He studied at Edinburgh Academy and Eton, ­carried out his national service with the Royal Scots Greys (a ­regiment formed by the first baronet of the Binns), and read mathematics and ­later history at Cambridge ­University, where he chaired the ­Conservative Association. Yet his switch to Labour in 1956 came, not unsurprisingly, on strong points of personal ­principle – namely dismay at both ­widespread unemployment in Scotland and his former party’s actions during the Suez Crisis.

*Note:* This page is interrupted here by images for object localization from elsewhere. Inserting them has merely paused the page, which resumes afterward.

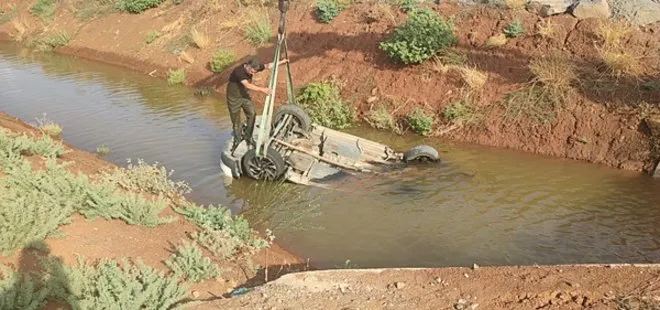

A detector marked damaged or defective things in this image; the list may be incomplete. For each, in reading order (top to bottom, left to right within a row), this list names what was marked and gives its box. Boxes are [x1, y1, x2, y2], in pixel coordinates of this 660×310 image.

exposed wheel [272, 103, 310, 133]
exposed wheel [240, 146, 286, 180]
overturned vehicle [219, 103, 440, 189]
exposed wheel [400, 145, 440, 163]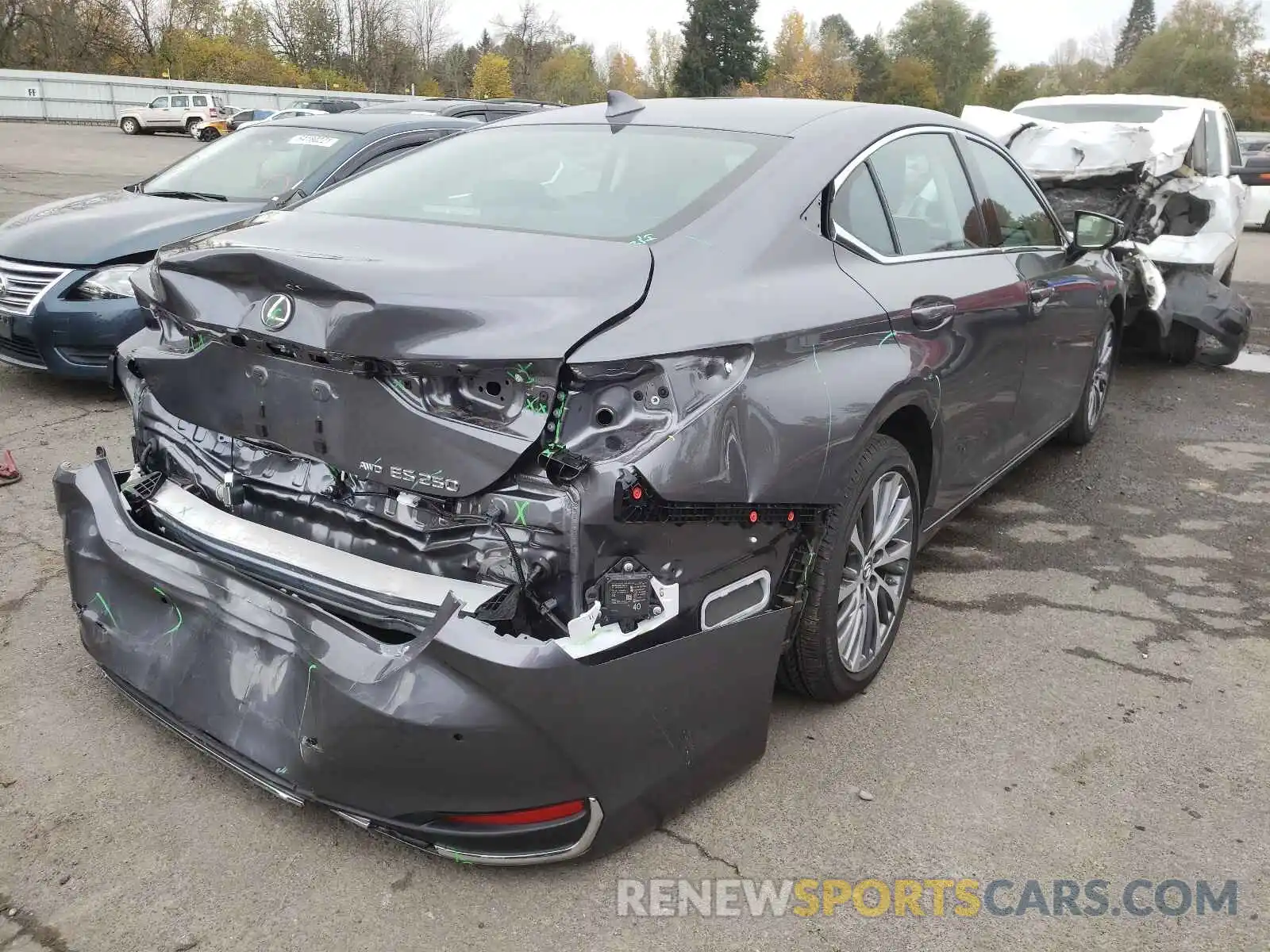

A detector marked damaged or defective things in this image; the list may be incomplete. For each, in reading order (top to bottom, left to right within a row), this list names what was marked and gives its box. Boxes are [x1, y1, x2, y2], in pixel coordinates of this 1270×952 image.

crumpled sheet metal [960, 105, 1199, 180]
damaged white suv [970, 94, 1249, 365]
detached rear bumper cover [54, 459, 787, 868]
crushed rear end [54, 214, 807, 863]
damaged gray lexus sedan [54, 95, 1127, 863]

After standing unsuccessfully in Roxburgh, Selkirk and Peebles in 1959, Dalyell won the West Lothian by-election against future SNP ­leader William Wolfe in 1962, and retained the seat for 43 years, with the separation of Livingston and Linlithgow in 1983 shifting his seat to the latter.

His lack of frontbench activity only emphasised how much his force of personality cut through in the media and with colleagues. Away from the House he kept bees and ­peacocks, and wrote a ­column for New Scientist, obituaries for the Independent and various books on ­politics, including the autobiography The Importance of Being Awkward. Previously he was a teacher at Bo’ness Academy and on the ‘ship school’ ­Dunera. In later life he was the rector of Edinburgh University between 2003 and 2006.

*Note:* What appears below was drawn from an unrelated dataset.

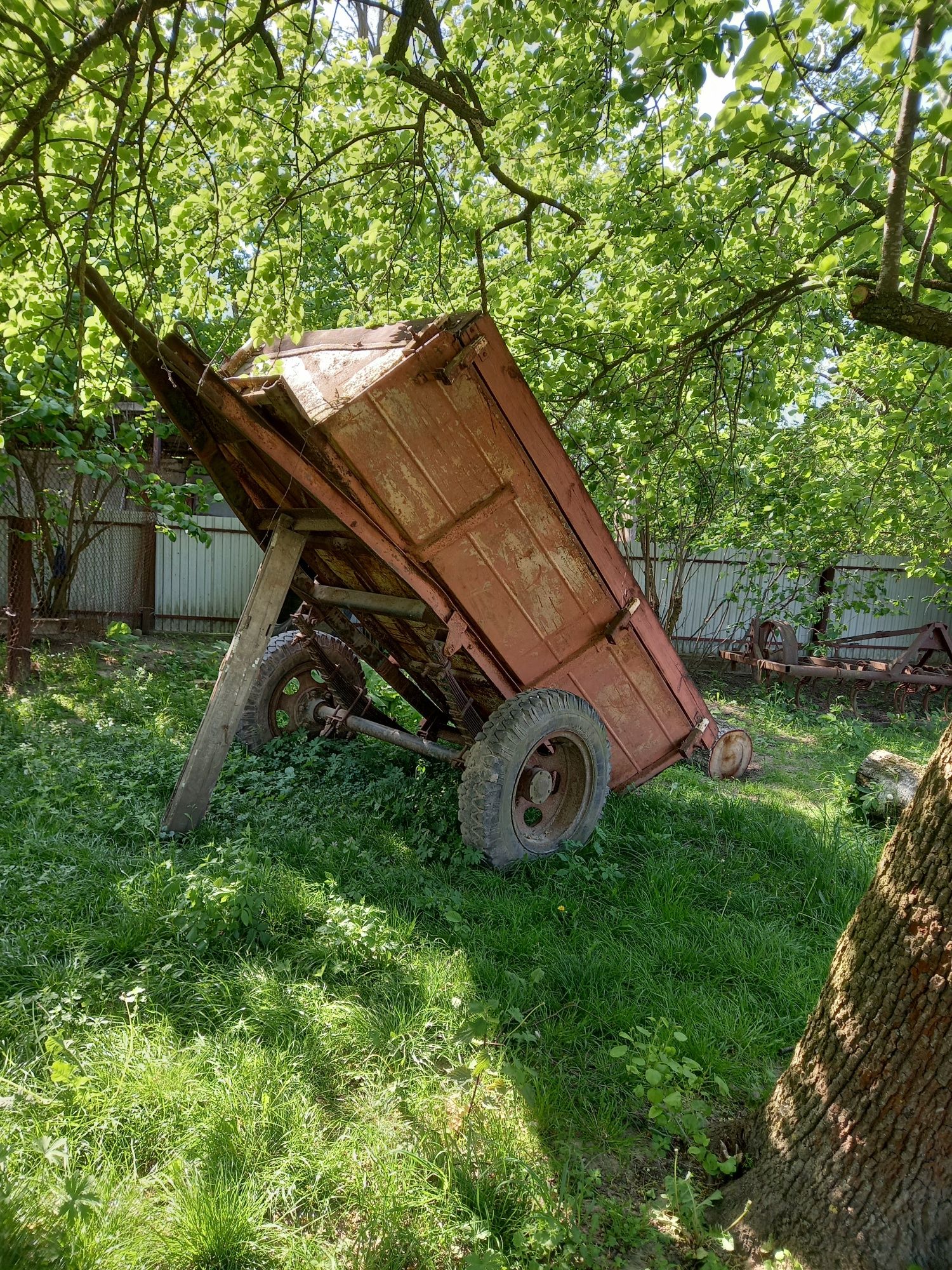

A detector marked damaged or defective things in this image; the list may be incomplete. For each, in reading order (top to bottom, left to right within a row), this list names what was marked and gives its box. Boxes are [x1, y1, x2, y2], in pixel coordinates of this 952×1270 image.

Tam Dalyell, who died after a short illness, is survived by his wife Kathleen, daughter of the late Lord Advocate and Labour MP for Edinburgh East Baron Wheatley, and their children Gordon and Moira.

“Tam was a remarkable character, and despite our many political differences and disagreements, he was always a true gentleman,” says ­Martyn Day, current MP for Linlithgow and East Falkirk.

“As a parliamentarian he was the best of the best,” says Neil Findlay, friend and Labour MSP for the Lothians. “If many of today’s politicians had an ounce of Tam’s independence of mind and were more willing to ignore the diktat from party managers our politics would be in much better shape.”